Les étudiantes en école de sages-femmes choisissent désormais en dernière année si elles souhaitent exercer en libéral ou dans une structure. Elles sont plus nombreuses à faire le choix du cursus libéral mais il manque des sages-femmes quand même.  "Le nombre de sages-femmes aurait dû augmenter en même temps que les soins proposés par les hôpitaux diminuaient. Dans le Loiret on a le plus de naissances de la région Centre mais on n'a pas d'école de sages-femmes", déplore la présidente de l'Ordre des sages-femmes du Loiret.  Le Loiret dépend des écoles des autres territoires en priorité de celle de Tours. "Sur les 15 sages-femmes qui s'installent chaque année, en moyenne cinq sont diplômées en Belgique, cinq viennent d'autres régions, le dernier tiers vient de l'école de Tours", énumère Roselyne Vinas.

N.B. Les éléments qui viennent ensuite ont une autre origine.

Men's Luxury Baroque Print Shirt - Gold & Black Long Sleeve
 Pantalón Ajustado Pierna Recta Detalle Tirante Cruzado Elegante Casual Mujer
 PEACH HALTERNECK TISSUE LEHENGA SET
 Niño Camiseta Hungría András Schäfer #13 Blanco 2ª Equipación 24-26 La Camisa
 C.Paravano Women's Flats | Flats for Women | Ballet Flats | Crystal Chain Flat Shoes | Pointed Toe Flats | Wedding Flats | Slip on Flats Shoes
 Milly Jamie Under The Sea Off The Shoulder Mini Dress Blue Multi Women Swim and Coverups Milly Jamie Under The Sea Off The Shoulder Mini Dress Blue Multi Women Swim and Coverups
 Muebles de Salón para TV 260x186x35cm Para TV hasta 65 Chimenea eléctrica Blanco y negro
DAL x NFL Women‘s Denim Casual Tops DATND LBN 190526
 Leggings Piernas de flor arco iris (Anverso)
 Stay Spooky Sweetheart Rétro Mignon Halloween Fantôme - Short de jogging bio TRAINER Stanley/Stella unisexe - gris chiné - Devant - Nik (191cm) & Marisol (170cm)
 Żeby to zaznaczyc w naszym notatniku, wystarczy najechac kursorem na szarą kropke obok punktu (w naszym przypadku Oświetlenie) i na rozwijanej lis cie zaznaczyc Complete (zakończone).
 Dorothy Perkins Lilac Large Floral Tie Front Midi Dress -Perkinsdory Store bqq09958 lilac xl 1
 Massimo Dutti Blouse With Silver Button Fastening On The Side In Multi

La promotion de Tours compte 25 sages-femmes pour toute la région. Depuis la création de la faculté de médecine à Orléans en septembre 2022, l'ouverture d'une école de sages-femmes dans le Loiret se pose. "C'est un vrai débat à avoir. C'est difficile parce qu'on a du mal à prendre du recul. Je suis incapable de vous dire combien de sages-femmes il faudrait en plus. Ce qui est sûr c'est qu'il en faut au moins quinze pour remplacer les quinze qui partent chaque année." La présidente du conseil de l'Ordre des sages-femmes du Loiret est convaincue de la nécessité de créer une école, mais elle tient à nuancer : "En 2009-2015, il y avait des sages-femmes au chômage. Les séjours en maternité étaient encore longs. Les consultations gynéco étaient encore nombreuses. C'étaient des années noires pour les jeunes diplômées. C'est aussi ça la crainte. C'est difficile de juger exactement quel est le besoin de la société et que sera l'avenir. " Sa seule certitude : il faut une sage-femme libérale à Pithiviers et une à Gien. "Un pédiatre, un généraliste ou une gynécologue ne vont pas s'installer demain. Donc les femmes de ce territoire ont besoin d'être suivies dans ces territoires qui vont mal".  La région Centre-Val de Loire compte 273 sages-femmes libérales.